Oder es ist Krieg in der Heimat. Oder man hört von Schlaraffenländern. Der massenweise Aufbruch in eine neue Heimat heißt Migration. Da stoßen dann die flüchtigen Migranten auf die Ortsansässigen. Die Flüchtigen bringen etwas mit, was die Ortsansässigen nicht unbedingt mit ihrer eigenen Vorstellung von Heimat vereinbaren können, Kopftücher zum Beispiel. Da müsste man dann die Heimatzutaten wohl modifizieren.
Und die Sprache spielt eine Rolle für die Heimat, das ist ganz klar. Wo sich die Zungen scheiden, da scheiden sich auch die Geister. Inzwischen gibt es deutschfreie Räume, wo Deutsch höchstens Zweitsprache ist, das heißt, es wird nur noch zu zweit gesprochen, ein Lehrer und ein Schüler. Solche Räume sind dann Klassenräume, in denen Deutsch als Muttersprache keine Chance hat.

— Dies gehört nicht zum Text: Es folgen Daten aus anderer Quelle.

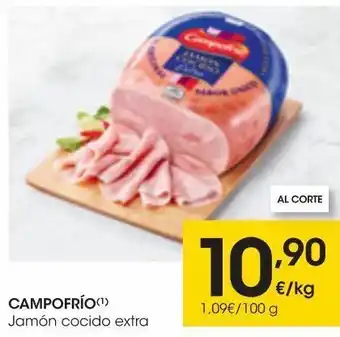 Eroski Campofrío jamón cocido extra al corte oferta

Da ist dann das Wort Überfremdung schnell bei der Hand und beim Gefühl.
Inzwischen spielt auch die Zahl eine Rolle. Aber wer auf Zahlen anspielt, gilt schnell als xenophob, wenn er zu den besseren Kreisen gehört, und als fremdenfeindlich, wenn er in der Unterschicht beheimatet ist. Das Wort „Obergrenze“ wird ins Wörterbuch des Unmenschen verbannt. Die Menschlichkeit hat doch wohl Vorrang vor Zahlhaftigkeit! Wir können das zahllose Elend in der Welt nicht draußen vor der Tür lassen und so tun, als ginge es uns nicht an. Das geht doch nicht!

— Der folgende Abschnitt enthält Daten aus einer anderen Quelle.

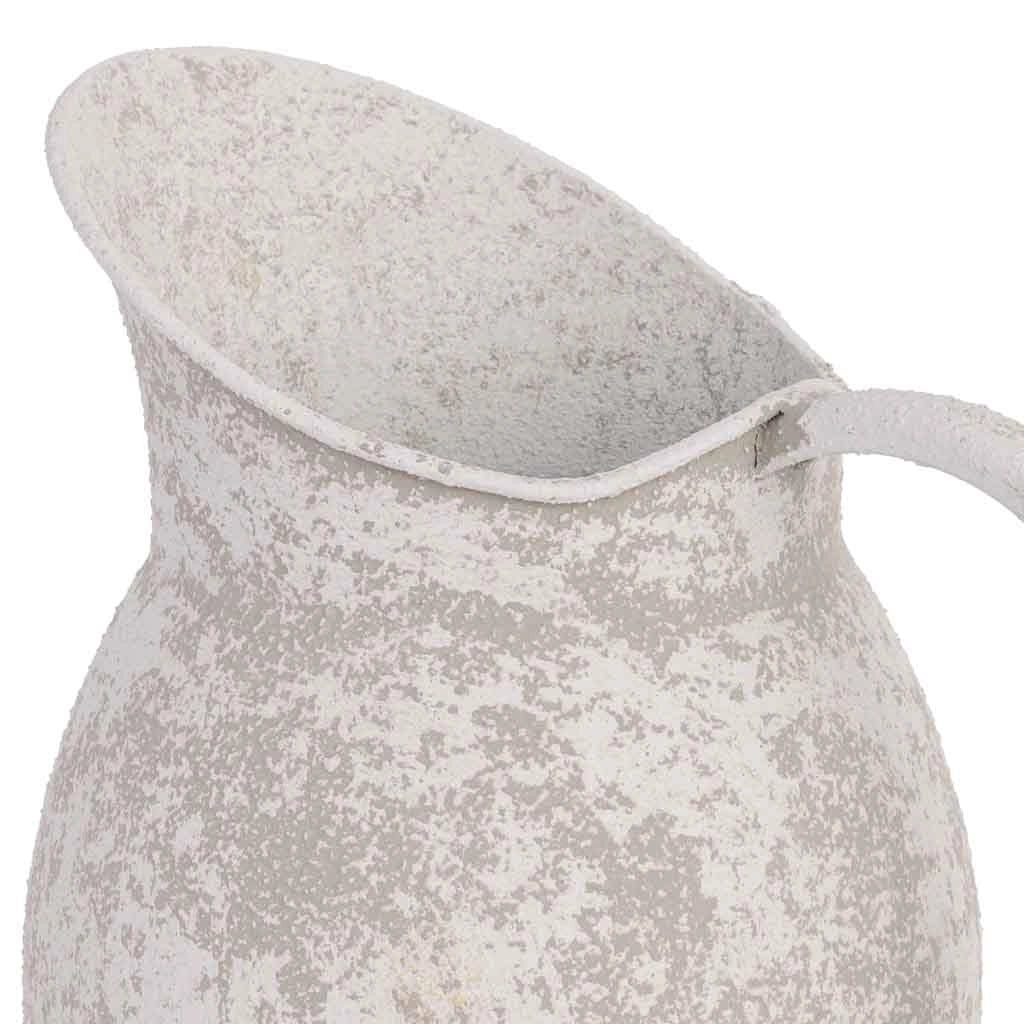 Vaso in metallo grigio 21,5x15,5x26,5h cm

Heimat kann eben in unserer heutigen Welt nicht nur der Ort sein für die, die immer schon da waren. Heimat muss auch ein gastlicher Ort sein für die, die kommen und Heimat suchen. Man muss irgendwo daheim sein können, wo man vorher nicht war. Aber geht das? Und wenn es geht, wie geht es dann?